## EXERCISE OBJECTIVE
Each line from the opening of the records that follow to the line with "Culasse Bloc Moteur" needs to be written out exactly. Add nothing.

## Items from a dataset
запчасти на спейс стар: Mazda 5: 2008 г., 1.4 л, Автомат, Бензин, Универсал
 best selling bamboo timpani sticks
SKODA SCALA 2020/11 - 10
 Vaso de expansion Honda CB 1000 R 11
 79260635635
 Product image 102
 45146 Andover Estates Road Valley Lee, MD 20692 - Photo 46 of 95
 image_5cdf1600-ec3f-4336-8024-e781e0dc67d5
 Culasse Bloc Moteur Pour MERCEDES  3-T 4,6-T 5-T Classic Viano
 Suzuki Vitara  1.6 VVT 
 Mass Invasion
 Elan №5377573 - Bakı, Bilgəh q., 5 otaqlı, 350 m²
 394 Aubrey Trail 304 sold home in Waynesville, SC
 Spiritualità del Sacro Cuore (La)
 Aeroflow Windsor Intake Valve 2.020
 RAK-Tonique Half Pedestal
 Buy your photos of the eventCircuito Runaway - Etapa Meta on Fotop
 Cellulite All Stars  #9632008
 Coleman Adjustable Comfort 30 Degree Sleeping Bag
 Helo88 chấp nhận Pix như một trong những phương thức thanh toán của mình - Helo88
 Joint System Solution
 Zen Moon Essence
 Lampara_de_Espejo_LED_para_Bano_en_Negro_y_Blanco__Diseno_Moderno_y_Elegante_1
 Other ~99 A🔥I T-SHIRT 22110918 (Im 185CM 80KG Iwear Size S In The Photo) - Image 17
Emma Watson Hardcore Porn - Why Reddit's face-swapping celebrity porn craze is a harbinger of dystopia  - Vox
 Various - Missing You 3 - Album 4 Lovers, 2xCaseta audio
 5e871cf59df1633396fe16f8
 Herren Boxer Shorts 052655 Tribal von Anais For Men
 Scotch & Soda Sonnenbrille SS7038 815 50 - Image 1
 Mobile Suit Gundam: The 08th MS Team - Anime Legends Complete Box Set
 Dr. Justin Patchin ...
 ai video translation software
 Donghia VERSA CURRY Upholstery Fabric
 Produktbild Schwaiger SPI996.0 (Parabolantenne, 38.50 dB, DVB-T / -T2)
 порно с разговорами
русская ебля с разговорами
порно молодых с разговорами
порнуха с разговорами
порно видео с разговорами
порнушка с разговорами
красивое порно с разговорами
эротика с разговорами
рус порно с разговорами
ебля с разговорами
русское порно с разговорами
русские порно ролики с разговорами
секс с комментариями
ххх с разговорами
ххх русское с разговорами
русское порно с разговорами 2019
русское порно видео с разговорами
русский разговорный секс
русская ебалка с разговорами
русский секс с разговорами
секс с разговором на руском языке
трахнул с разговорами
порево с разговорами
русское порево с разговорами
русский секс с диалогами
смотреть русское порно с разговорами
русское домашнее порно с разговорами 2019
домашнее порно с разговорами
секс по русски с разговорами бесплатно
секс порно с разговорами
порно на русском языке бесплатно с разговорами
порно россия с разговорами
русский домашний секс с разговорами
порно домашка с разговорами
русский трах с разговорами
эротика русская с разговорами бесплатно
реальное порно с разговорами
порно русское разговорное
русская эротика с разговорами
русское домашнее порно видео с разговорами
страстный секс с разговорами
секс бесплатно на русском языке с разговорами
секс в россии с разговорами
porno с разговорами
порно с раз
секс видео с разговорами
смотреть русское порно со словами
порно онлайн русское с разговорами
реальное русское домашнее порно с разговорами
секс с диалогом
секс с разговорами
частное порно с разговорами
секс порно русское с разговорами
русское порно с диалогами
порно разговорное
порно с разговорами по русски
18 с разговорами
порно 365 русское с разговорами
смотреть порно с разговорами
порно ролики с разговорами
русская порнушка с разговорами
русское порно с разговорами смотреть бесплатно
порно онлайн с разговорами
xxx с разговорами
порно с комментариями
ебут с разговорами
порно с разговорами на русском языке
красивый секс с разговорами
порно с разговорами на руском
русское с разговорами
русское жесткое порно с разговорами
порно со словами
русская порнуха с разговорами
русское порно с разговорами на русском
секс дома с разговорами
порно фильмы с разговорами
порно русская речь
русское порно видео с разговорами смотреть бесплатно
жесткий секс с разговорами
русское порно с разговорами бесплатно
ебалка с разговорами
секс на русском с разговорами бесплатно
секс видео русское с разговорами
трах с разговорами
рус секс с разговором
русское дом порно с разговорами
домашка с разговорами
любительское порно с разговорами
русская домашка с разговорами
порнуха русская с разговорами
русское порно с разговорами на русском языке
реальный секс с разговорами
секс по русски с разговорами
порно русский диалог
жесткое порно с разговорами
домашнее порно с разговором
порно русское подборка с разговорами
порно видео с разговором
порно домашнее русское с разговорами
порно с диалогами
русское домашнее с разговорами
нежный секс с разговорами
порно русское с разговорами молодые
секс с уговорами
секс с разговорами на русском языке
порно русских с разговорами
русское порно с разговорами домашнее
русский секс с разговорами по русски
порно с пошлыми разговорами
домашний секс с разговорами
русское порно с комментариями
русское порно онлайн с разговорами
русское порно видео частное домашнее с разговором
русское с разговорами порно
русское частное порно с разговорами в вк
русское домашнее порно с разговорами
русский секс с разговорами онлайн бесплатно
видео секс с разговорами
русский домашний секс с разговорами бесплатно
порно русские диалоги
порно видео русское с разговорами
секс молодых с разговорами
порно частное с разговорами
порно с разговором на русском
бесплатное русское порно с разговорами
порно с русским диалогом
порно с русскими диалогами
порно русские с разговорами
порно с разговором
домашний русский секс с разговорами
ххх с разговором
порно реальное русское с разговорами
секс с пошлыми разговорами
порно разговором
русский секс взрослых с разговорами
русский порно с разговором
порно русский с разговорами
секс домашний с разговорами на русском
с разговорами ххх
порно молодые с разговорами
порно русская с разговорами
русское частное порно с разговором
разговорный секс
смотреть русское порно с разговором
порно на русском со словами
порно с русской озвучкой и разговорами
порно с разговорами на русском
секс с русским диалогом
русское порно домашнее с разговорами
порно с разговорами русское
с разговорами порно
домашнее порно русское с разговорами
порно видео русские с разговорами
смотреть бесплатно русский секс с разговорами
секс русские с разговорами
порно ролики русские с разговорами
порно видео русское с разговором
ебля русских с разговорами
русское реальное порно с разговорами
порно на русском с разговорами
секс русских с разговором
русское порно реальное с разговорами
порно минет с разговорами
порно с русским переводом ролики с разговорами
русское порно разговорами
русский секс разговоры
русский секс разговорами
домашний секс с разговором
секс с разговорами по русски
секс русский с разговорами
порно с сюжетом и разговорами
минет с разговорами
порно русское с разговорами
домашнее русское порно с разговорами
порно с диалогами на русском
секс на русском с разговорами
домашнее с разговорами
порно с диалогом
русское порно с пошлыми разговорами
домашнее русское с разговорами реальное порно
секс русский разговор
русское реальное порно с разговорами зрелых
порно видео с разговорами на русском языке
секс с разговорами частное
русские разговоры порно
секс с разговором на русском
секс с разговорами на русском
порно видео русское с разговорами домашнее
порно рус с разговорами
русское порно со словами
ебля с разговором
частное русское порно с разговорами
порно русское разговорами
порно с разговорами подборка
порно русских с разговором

## EXERCISE RESPONSE
запчасти на спейс стар: Mazda 5: 2008 г., 1.4 л, Автомат, Бензин, Универсал
 best selling bamboo timpani sticks
SKODA SCALA 2020/11 - 10
 Vaso de expansion Honda CB 1000 R 11
 79260635635
 Product image 102
 45146 Andover Estates Road Valley Lee, MD 20692 - Photo 46 of 95
 image_5cdf1600-ec3f-4336-8024-e781e0dc67d5
 Culasse Bloc Moteur Pour MERCEDES  3-T 4,6-T 5-T Classic Viano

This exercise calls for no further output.